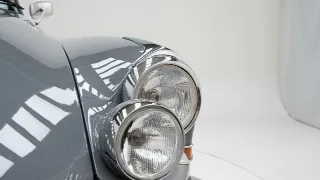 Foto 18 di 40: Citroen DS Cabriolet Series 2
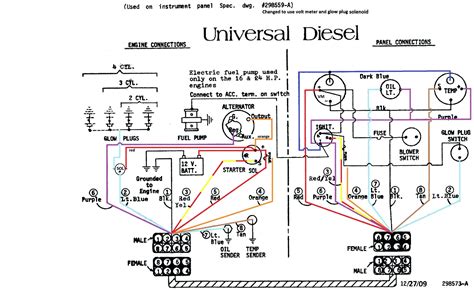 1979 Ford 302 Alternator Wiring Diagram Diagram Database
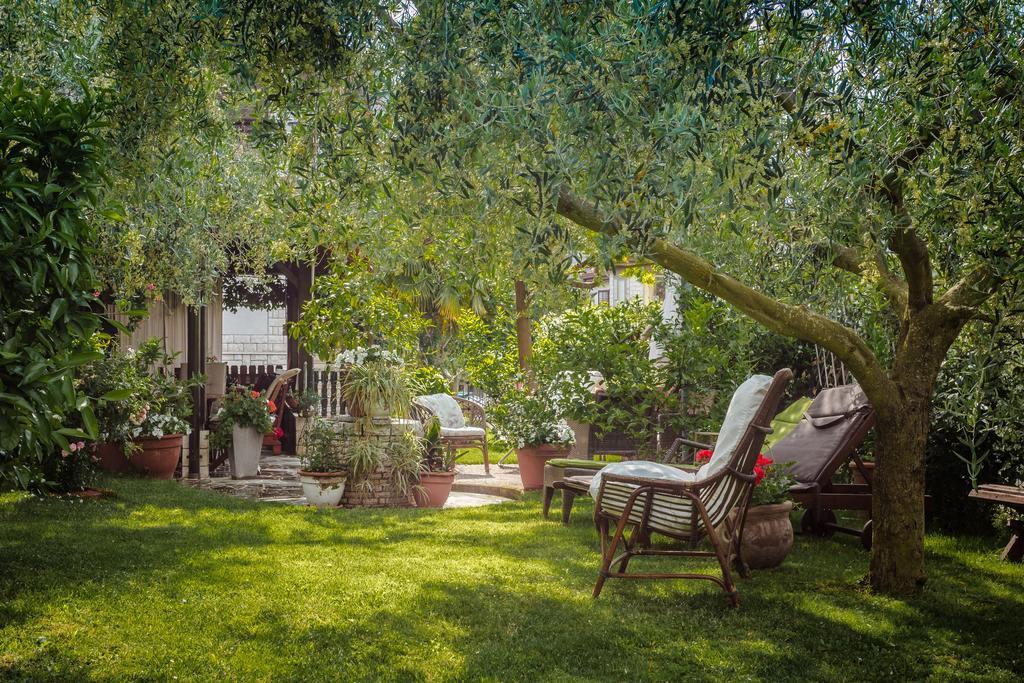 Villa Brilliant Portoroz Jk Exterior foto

**Problem**
Print the material above exactly, skipping its images.

**Written answer**
 Foto 18 di 40: Citroen DS Cabriolet Series 2
 1979 Ford 302 Alternator Wiring Diagram Diagram Database
 Villa Brilliant Portoroz Jk Exterior foto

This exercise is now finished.